We were working with a group of dedicated and talented people, fighting all kinds of good fights, making life miserable for the bad guys. And yet, all the time, dark shadows hung over everything: the racial and gender disparities, the whispers about sexual harassment, the abuses that stemmed from the top-down management, and the guilt you couldn’t help feeling about the legions of donors who believed that their money was being used, faithfully and well, to do the Lord’s work in the heart of Dixie. We were part of the con, and we knew it.

Wait, are you saying I was conned? By the SPLC? Crap.

the Los Angeles Times and the Alabama Political Reporter reported that Dees’s ouster had come amid a staff revolt over the mistreatment of nonwhite and female staffers, which was sparked by the resignation of the senior attorney Meredith Horton, the highest-ranking African-American woman at the center. A number of staffers subsequently signed onto two letters of protest to the center’s leadership, alleging that multiple reports of sexual harassment by Dees through the years had been ignored or covered up, and sometimes resulted in retaliation against the women making the claims. (Dees denied the allegations, telling a reporter, “I don’t know who you’re talking to or talking about, but that is not right.”)

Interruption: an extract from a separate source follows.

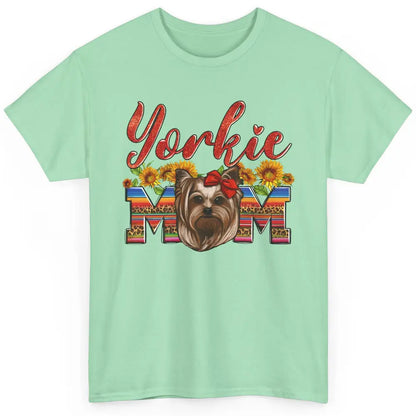 Yorkie Mom Sunflowers Leopard Yorkshire Terrier Dog Mom Gift Classic Unisex T-Shirt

The staffers wrote that Dees’s firing was welcome but insufficient: their larger concern, they emphasized, was a widespread pattern of racial and gender discrimination by the center’s current leadership, stretching back many years. (The S.P.L.C. has since appointed Tina Tchen, a former chief of staff for Michelle Obama, to conduct a review of its workplace environment.) If Cohen and other senior leaders thought that they could shunt the blame, the riled-up staffers seem determined to prove them wrong. One of my former female colleagues told me that she didn’t want to go into details of her harassment for this story, because she believes the focus should be on the S.P.L.C.’s current leadership. “I just gotta hope your piece helps keep the momentum for change going,” she said. Stephen Bright, a Yale professor and longtime S.P.L.C. critic, told me, “These chickens took a very long flight before they came home to roost.” The question, for current and former staffers alike, is how many chickens will come to justice before this long-overdue reckoning is complete.

They talked the talk, but they didn’t walk the walk. What they were doing was good and necessary, but their aims were not reflected at all in their internal organization. This is a familiar bad look, where teams of old white men run the show and tell the world how much they value diversity. It’s fine to promote diversity, but you also have to be able to step to the side and make room for other voices. I guess Morris Dees wasn’t able to do that.

Comments

  1. says

    The SPLCs credibility was already dead when they listed Ayaan Hirshi Ali and Maajid Nawas as anti Muslim extremists – together with Pam Geller and other genuinely unsavory characters. They literally had to get sued (and lose) to apologise for that amazing blunder.

  2. =8)-DX says

    @Christopher Svanefalk #2 Ayaan Hirsi Ali has been shown to be not only professionally dishonest, but yes also an anti-muslim bigot who has called for things like forced christianisation of muslim countries. Maybe not as odious as Pamela Geller, but not someone entirely innocent on that charge.
    =8/-DX

  3. weylguy says

    The entire human race is corrupt. I’m glad I just turned 70 — I won’t have to put up with this bullshit much longer.

  4. johnthedrunkard says

    Ali made the comment that Christianity might be a step up from the kind of Islam she’d been raised in. It did ring oddly in context. But the ‘called for forced Christianization’ claim is 100% bullshit. Exactly the kind of thing that Islamist appeasers smear all over the place.

  5. says

    Aside from the fact that the RW article reads more like a personal takedown of Ayaan than a reasonable expose, I still can find no claim in it that she advocated forced christianisation. Could you point me to the referenced source you’re referring to?

  6. says

    Wow, and when an article contains vile sexist bullshit like this, please never point me to it again:

    “She later fled to Europe to avoid what she claimed was abusive arranged marriage, although for some reason she still talked with her ex-husband, who had allegedly paid so that she could even go to Europe, and he even agreed to a divorce”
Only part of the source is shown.